**Records for this exercise:**

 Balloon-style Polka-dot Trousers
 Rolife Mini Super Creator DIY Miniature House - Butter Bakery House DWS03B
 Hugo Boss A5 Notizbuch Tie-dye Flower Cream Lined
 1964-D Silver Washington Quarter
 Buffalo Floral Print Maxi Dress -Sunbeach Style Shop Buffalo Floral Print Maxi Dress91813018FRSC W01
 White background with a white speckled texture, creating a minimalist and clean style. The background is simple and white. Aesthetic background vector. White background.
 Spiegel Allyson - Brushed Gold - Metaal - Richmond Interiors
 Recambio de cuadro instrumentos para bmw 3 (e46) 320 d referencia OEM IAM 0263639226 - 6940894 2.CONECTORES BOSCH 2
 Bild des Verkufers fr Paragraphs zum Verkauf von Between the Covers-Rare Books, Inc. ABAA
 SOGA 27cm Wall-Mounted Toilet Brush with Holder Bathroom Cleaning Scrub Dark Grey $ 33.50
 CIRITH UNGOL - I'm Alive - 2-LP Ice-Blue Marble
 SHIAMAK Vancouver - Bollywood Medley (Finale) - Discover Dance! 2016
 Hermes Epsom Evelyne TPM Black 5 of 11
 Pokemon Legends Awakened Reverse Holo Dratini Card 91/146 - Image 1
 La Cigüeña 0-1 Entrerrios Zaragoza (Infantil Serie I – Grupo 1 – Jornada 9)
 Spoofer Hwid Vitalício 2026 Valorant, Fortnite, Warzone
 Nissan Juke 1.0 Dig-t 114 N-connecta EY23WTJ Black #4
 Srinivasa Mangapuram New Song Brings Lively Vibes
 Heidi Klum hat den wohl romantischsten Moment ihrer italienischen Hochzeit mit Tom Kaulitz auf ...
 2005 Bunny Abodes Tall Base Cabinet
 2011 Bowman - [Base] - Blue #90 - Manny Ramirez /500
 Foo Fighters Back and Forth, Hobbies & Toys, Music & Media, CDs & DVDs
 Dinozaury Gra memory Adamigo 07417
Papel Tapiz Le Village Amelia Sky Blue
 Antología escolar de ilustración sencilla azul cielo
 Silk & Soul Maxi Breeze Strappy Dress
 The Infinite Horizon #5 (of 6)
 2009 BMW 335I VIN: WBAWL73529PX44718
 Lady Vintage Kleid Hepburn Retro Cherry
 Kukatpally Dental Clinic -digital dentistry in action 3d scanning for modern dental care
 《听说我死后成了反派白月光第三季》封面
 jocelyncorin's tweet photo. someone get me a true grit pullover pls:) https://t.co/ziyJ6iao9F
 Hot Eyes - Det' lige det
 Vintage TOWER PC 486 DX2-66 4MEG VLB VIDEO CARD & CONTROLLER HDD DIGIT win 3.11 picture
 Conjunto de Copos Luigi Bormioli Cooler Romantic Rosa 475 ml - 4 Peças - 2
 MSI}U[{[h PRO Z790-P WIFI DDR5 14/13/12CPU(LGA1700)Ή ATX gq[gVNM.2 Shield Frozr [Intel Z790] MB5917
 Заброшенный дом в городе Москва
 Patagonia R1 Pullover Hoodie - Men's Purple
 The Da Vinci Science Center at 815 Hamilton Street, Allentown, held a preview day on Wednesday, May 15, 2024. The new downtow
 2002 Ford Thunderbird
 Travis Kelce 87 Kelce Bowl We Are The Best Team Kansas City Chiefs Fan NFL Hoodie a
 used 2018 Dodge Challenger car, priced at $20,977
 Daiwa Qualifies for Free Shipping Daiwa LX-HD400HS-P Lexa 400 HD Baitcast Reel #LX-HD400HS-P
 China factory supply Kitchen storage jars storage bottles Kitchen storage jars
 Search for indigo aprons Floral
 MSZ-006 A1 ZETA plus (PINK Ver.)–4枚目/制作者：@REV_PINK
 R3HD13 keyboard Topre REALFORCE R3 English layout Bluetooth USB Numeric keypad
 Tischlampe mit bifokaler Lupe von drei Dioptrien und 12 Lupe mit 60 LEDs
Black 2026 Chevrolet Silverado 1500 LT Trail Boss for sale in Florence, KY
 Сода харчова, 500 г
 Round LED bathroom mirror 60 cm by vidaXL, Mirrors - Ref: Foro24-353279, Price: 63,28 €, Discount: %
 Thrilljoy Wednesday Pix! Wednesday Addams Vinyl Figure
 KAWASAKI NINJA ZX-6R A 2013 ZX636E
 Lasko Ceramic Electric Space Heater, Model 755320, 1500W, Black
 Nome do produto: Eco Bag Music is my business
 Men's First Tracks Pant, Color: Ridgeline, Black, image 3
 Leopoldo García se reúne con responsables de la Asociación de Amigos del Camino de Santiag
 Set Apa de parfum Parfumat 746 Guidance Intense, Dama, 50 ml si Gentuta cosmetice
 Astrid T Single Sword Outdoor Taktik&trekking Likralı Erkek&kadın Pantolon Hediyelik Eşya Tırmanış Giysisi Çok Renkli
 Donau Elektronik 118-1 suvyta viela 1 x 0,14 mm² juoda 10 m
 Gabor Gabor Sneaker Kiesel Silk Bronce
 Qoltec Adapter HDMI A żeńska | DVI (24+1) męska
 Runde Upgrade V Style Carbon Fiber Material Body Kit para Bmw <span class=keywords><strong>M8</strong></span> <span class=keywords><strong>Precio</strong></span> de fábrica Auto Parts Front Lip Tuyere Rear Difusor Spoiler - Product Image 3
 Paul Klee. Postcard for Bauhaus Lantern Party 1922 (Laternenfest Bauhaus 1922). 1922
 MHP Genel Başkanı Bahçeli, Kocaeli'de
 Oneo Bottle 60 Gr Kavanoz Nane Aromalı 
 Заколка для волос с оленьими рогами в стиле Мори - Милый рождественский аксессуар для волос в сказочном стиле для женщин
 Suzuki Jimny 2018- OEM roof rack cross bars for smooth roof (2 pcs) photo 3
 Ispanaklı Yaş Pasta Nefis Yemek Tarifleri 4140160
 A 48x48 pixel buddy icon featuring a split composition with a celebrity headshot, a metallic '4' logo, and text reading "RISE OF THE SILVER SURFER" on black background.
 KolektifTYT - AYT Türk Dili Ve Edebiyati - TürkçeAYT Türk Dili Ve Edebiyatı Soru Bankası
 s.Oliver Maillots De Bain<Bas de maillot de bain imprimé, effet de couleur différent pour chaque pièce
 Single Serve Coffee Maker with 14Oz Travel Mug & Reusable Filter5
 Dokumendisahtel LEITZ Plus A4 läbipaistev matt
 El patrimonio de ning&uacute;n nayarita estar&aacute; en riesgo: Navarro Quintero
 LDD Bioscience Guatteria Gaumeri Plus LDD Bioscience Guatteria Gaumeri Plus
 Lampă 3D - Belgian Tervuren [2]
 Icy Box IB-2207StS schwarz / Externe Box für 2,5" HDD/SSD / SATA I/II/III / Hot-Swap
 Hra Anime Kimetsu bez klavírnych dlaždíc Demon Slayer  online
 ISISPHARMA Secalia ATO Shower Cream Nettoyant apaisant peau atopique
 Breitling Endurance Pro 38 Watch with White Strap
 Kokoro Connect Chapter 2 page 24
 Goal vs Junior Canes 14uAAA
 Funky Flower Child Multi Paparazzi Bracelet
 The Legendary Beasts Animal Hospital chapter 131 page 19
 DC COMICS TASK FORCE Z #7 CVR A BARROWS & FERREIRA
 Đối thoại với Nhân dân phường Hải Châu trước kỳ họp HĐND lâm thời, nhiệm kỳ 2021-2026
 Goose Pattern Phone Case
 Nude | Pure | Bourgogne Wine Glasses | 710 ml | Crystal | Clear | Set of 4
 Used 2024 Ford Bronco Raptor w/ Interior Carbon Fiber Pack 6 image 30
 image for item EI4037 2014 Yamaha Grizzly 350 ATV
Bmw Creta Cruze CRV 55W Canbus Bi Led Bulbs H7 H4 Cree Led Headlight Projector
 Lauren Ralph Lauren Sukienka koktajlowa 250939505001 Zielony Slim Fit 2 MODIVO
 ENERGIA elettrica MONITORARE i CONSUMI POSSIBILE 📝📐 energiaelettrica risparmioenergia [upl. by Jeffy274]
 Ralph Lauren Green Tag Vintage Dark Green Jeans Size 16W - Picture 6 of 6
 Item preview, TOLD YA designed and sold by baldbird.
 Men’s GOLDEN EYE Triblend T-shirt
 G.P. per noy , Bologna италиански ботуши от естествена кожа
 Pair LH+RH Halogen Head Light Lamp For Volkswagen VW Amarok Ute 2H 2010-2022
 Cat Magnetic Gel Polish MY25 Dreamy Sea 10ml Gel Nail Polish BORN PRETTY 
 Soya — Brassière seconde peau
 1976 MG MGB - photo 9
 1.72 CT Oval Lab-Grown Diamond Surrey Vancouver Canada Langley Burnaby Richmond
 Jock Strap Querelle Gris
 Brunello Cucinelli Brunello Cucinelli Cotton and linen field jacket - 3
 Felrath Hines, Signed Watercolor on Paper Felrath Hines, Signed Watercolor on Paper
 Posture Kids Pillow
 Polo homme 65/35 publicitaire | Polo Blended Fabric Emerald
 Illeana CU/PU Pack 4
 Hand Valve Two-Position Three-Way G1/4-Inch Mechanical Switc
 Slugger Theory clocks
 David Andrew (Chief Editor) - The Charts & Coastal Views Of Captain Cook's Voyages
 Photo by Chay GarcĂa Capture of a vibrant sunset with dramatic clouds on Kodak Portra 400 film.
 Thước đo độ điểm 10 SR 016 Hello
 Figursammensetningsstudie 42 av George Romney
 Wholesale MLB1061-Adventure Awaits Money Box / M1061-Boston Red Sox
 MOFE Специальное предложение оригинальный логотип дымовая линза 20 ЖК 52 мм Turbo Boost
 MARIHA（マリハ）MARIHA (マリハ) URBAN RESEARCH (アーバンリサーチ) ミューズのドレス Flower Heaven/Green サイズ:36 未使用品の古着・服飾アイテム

**The problem:** The required answer is the run of lines above, starting at the line with "DC COMICS TASK" and ending at the line with "Figursammensetningsstudie 42 av", reproduced exactly with both ends.

**Reply:**
 DC COMICS TASK FORCE Z #7 CVR A BARROWS & FERREIRA
 Đối thoại với Nhân dân phường Hải Châu trước kỳ họp HĐND lâm thời, nhiệm kỳ 2021-2026
 Goose Pattern Phone Case
 Nude | Pure | Bourgogne Wine Glasses | 710 ml | Crystal | Clear | Set of 4
 Used 2024 Ford Bronco Raptor w/ Interior Carbon Fiber Pack 6 image 30
 image for item EI4037 2014 Yamaha Grizzly 350 ATV
Bmw Creta Cruze CRV 55W Canbus Bi Led Bulbs H7 H4 Cree Led Headlight Projector
 Lauren Ralph Lauren Sukienka koktajlowa 250939505001 Zielony Slim Fit 2 MODIVO
 ENERGIA elettrica MONITORARE i CONSUMI POSSIBILE 📝📐 energiaelettrica risparmioenergia [upl. by Jeffy274]
 Ralph Lauren Green Tag Vintage Dark Green Jeans Size 16W - Picture 6 of 6
 Item preview, TOLD YA designed and sold by baldbird.
 Men’s GOLDEN EYE Triblend T-shirt
 G.P. per noy , Bologna италиански ботуши от естествена кожа
 Pair LH+RH Halogen Head Light Lamp For Volkswagen VW Amarok Ute 2H 2010-2022
 Cat Magnetic Gel Polish MY25 Dreamy Sea 10ml Gel Nail Polish BORN PRETTY 
 Soya — Brassière seconde peau
 1976 MG MGB - photo 9
 1.72 CT Oval Lab-Grown Diamond Surrey Vancouver Canada Langley Burnaby Richmond
 Jock Strap Querelle Gris
 Brunello Cucinelli Brunello Cucinelli Cotton and linen field jacket - 3
 Felrath Hines, Signed Watercolor on Paper Felrath Hines, Signed Watercolor on Paper
 Posture Kids Pillow
 Polo homme 65/35 publicitaire | Polo Blended Fabric Emerald
 Illeana CU/PU Pack 4
 Hand Valve Two-Position Three-Way G1/4-Inch Mechanical Switc
 Slugger Theory clocks
 David Andrew (Chief Editor) - The Charts & Coastal Views Of Captain Cook's Voyages
 Photo by Chay GarcĂa Capture of a vibrant sunset with dramatic clouds on Kodak Portra 400 film.
 Thước đo độ điểm 10 SR 016 Hello
 Figursammensetningsstudie 42 av George Romney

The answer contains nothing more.